A Mankato subdivision has won a fight over a tax assessed to repair roads and drainage in an erosion-prone area.
In a decision issued late last month, Blue Earth County District Judge Mark Betters ordered Mankato Township to reassess the 29 properties in the Oak Ridge subdivision, a hilltop neighborhood in west Mankato.
The township last year levied a special tax of about $16,500 per home to cover street repairs in the subdivision and improve drainage in two ravines that were eroding. The homeowners appealed the tax, claiming that the township failed to conduct a market assessment before levying the tax.
In his decision, Betters agreed that the properties had been improperly assessed and suggested, based on expert testimony, that a fair assessment would be about $8,000 per property.

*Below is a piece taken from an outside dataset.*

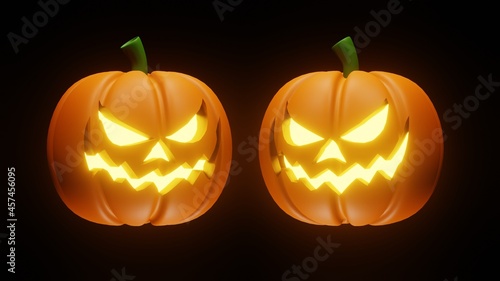 Arrange pumpkin on black background. Orange pumpkin is a vibrant color for your design for the Halloween holiday. 3d rendering © anggadwiwahyu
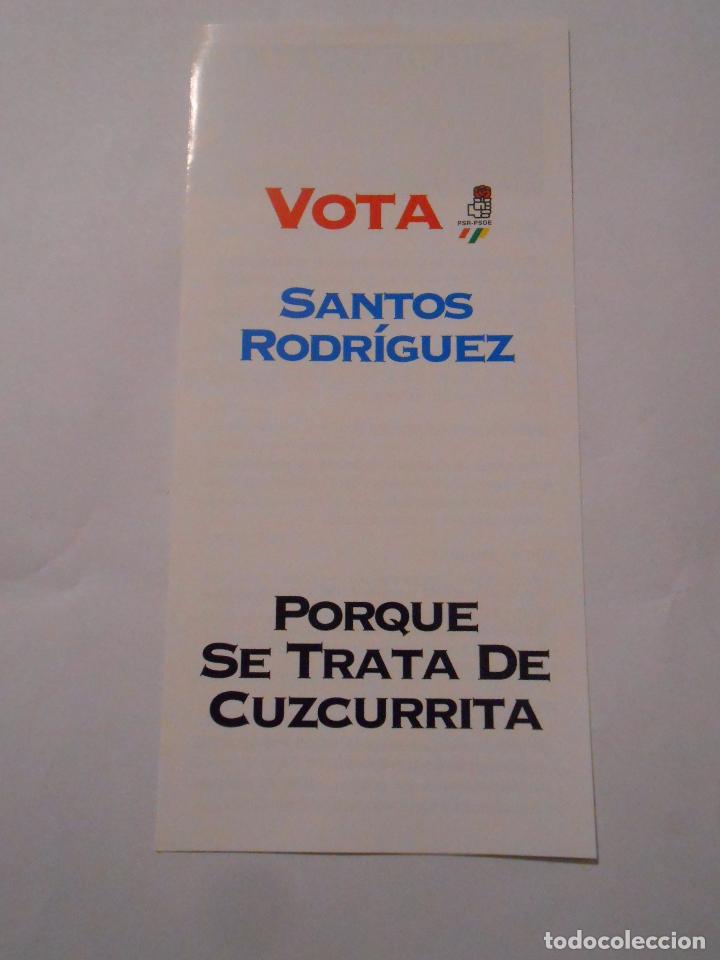 Documentos antigos: PROPAGANDA ELECTORAL. FOLLETO PROGRAMA PSOE CUZCURRITA. LA RIOJA. CANDIDATO SANTOS RODRIGUEZ TDKP8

The township prevailed on another aspect of the case, with the judge ruling that the drainage project could be considered part of the street repairs. The homeowners had said the drainage work should be considered separately.
In his decision, the judge noted that all 29 properties in the subdivision are served by storm sewers that drain into the two ravines and that the ravine erosion was rightfully part of the street rebuild.
Dam restoration moving forward
The restoration project for the damaged Willow River Dam in Pine County will move forward without an environmental-impact statement after the Minnesota Department of Natural Resources determined the project’s environmental effects either will be minimal or can be managed through “ongoing regulatory authority.”
The dam was built in the 1940s and was breached when a large flood ran over its top in July 2016.
Since then, the dam has been unable to hold lake levels at the former elevation.
The proposed fix is a rock rapids dam that will help provide for fish passage. The DNR plans to fill in the eroded channel and build a series of “rock arch weirs” downstream of the existing dam, which will eliminate safety issues from the previous dam.
The DNR had previously completed an environmental assessment worksheet on the project, which helped determine an environmental-impact statement is not warranted.
Per the rules of the Minnesota Environmental Quality Board, this marks the end of the state environmental review process, and the project may now proceed. It still needs other approvals and required permits.